Is it enough already? Should we call it quits for the world's most famous bike race? 

From a media standpoint, certainly not. The Tour de France was created in 1903 as a publicity stunt to sell sports newspapers. It was a wild success in this regard. Today the Tour supplies an entire media ecosystem with everything from mainstream sporting content to gear porn to the precious memeable moments that sustain our social media. Remember #froomerunning? He was chasing a Pikachu! Hilarious.

But what about the Tour from a sporting standpoint? As one of the most famous athletic events on the planet, it's basically a byword for competitive cycling. Sure, you and I know the landscape of cycle sport is vast and encompasses everything from the grandest Grand Tours to the mangiest alleycat, but to the person in the cubicle next to you, bike racing is the Tour de France and that's that.

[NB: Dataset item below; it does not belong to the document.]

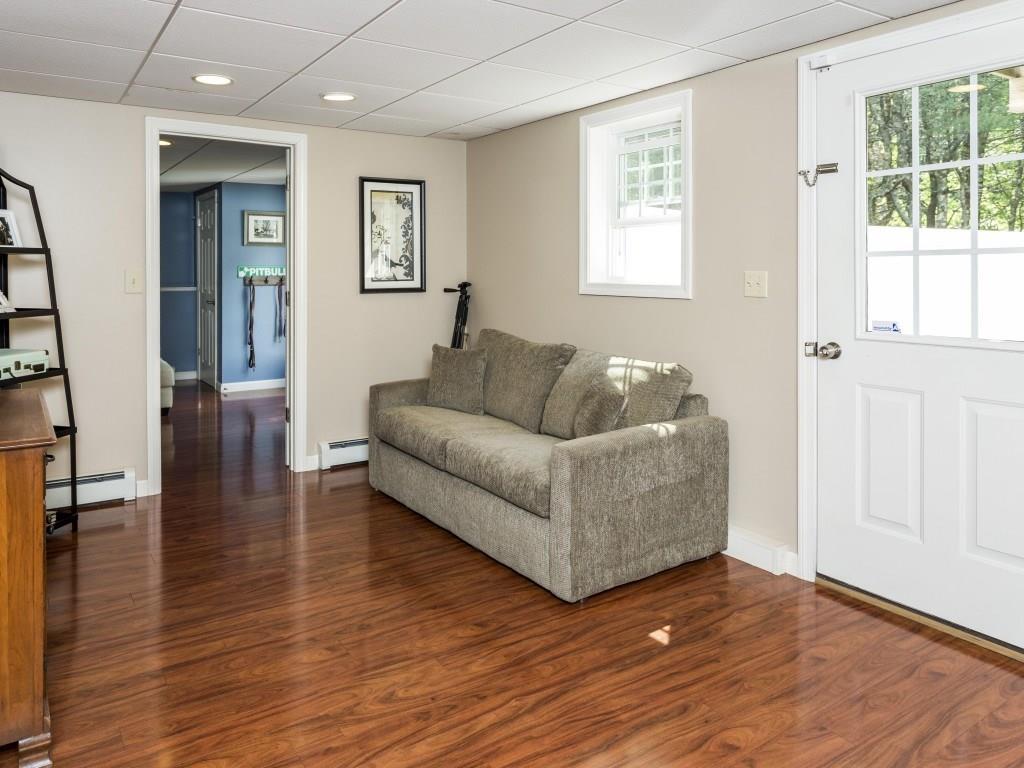1218 Methodist Road Westbrook, ME 04092 - Photo 29 of 35 Photo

In this sense, the Tour de France is the Bike to Work Day of bike races.

It's like bringing someone to the burger joint you've been raving about only to be told all the meat has spoiled so they're only doing salads.

This is a problem. Like Bike to Work Day, the Tour de France is our one chance a year to impress the squares, and invariably we fail to do so. What happens on Bike to Work Day? The person in the cubicle next to you dusts off their bike, gets buzzed by like 50 cars, shows up at work sweaty, and calls it good until next year, if not forever.

And what happens during the Tour de France? The person in the cubicle next to you tunes in or logs on to see this Peter Sagan character you're always talking about, only to find that he was disqualified on Stage 4 and will now be taking his insouciant facial hair elsewhere, and then flips back over to baseball.

It's like bringing someone to the burger joint you've been raving about only to be told all the meat has spoiled so they're only doing salads.

The Sagan incident is nothing in the context of the Tour de France when you consider how often we've followed the entire race only to see the winner stripped of his maillot jaune months or years later, which is like pigging out at the burger joint only to find out later that the meat was full of tapeworms.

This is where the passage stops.